The stack memory adjacent to the buffer — including those precious return addresses — is never touched. The overflow path is eliminated entirely.

Modern C++ Alternatives

While snprintf() is the standard C fix and perfectly appropriate here, modern C++ offers additional options worth knowing:

// Using std::string and std::format (C++20)
#include <format>
std::string stats = std::format("Tokens: {}, Time: {} ms, Rate: {} tok/s",
                                 token_count, elapsed_time_ms, tokens_per_second);

// Using std::ostringstream (C++11 and later)
#include <sstream>
std::ostringstream oss;
oss << "Tokens: " << token_count
    << ", Time: " << elapsed_time_ms << " ms"
    << ", Rate: " << tokens_per_second << " tok/s";
std::string stats = oss.str();

These approaches eliminate the fixed-size buffer entirely, delegating memory management to the standard library and removing the overflow risk at a fundamental level.
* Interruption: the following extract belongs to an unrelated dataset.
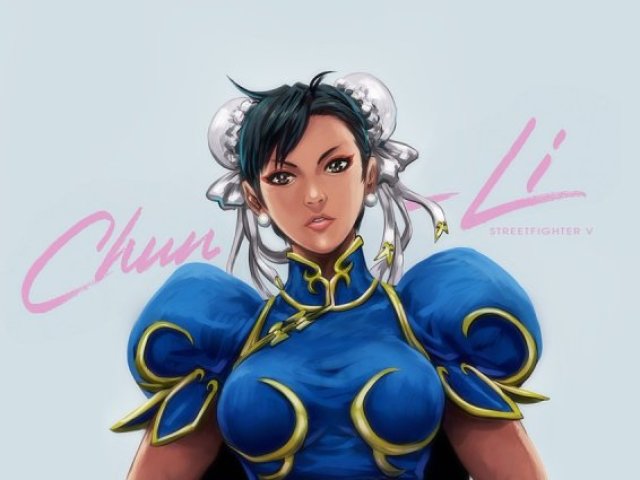 Chun-Li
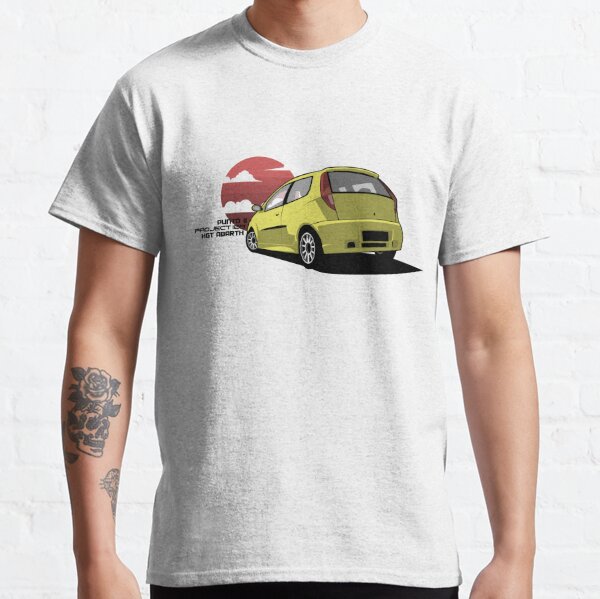 Fiat Punto Classic T-Shirt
Prevention & Best Practices

1. Never Use sprintf() in New Code

There is no safe use of sprintf() when the output length is not provably bounded at compile time. Treat it as deprecated. Configure your compiler or linter to warn on its use:

# GCC/Clang — treat sprintf as an error
-Werror=deprecated-declarations

# Or use -D_FORTIFY_SOURCE=2 for runtime buffer overflow detection
-D_FORTIFY_SOURCE=2 -O2

2. Use Length-Bounded Functions Consistently

Unsafe Function Safe Replacement
sprintf() snprintf()
strcpy() strncpy() or strlcpy()
strcat() strncat() or strlcat()
gets() fgets()
scanf("%s") scanf("%255s") with explicit width

3. Prefer sizeof() Over Magic Numbers

When using snprintf(), always use sizeof(buffer) rather than a hardcoded number. If the buffer size changes in a future refactor, sizeof() automatically reflects the new size:

// Fragile — will be wrong if buffer size changes
snprintf(buf, 256, ...);

// Robust — always correct
snprintf(buf, sizeof(buf), ...);

4. Enable Compiler and OS Mitigations

Modern toolchains and operating systems include mitigations that make buffer overflows harder to exploit, even when they occur:

  • Stack Canaries (-fstack-protector-strong): Place a random value between local variables and the return address. If it's overwritten, the program detects the corruption and terminates before the return.
  • ASLR (Address Space Layout Randomization): Randomizes the memory layout of the process, making it harder for attackers to predict where to redirect execution.
  • NX/DEP (No-Execute / Data Execution Prevention): Marks the stack as non-executable, preventing attackers from injecting and running shellcode directly.
  • SafeStack (Clang): Separates sensitive stack data (return addresses) from regular local variables.
# CMakeLists.txt — enable stack protection
target_compile_options(your_target PRIVATE
    -fstack-protector-strong
    -D_FORTIFY_SOURCE=2
)
target_link_options(your_target PRIVATE
    -Wl,-z,relro
    -Wl,-z,now
)

These mitigations are important, but they are not a substitute for fixing the vulnerability. A determined attacker with enough control can often bypass individual mitigations. The correct approach is defense in depth: fix the bug and enable the mitigations.

5. Static Analysis

Several tools can catch sprintf() misuse automatically:

  • Clang-Tidy: The bugprone-not-null-terminated-result and cppcoreguidelines-pro-type-vararg checks flag unsafe formatting functions.
  • Coverity: Industry-standard static analyzer with strong buffer overflow detection.
  • CodeQL: GitHub's semantic code analysis engine can query for unsafe sprintf patterns.
  • AddressSanitizer (ASan): Runtime instrumentation that detects buffer overflows during testing:
# Compile with AddressSanitizer for testing
clang++ -fsanitize=address -g -o server grpc-server.cpp

6. Code Review Checklists

Add explicit buffer overflow checks to your C/C++ code review process:

  • [ ] Are all sprintf() calls replaced with snprintf()?
  • [ ] Does every snprintf() call use sizeof(buffer) as the size argument?
  • [ ] Are all fixed-size stack buffers that receive external or computed data reviewed for overflow?
  • [ ] Is the buffer size documented and justified?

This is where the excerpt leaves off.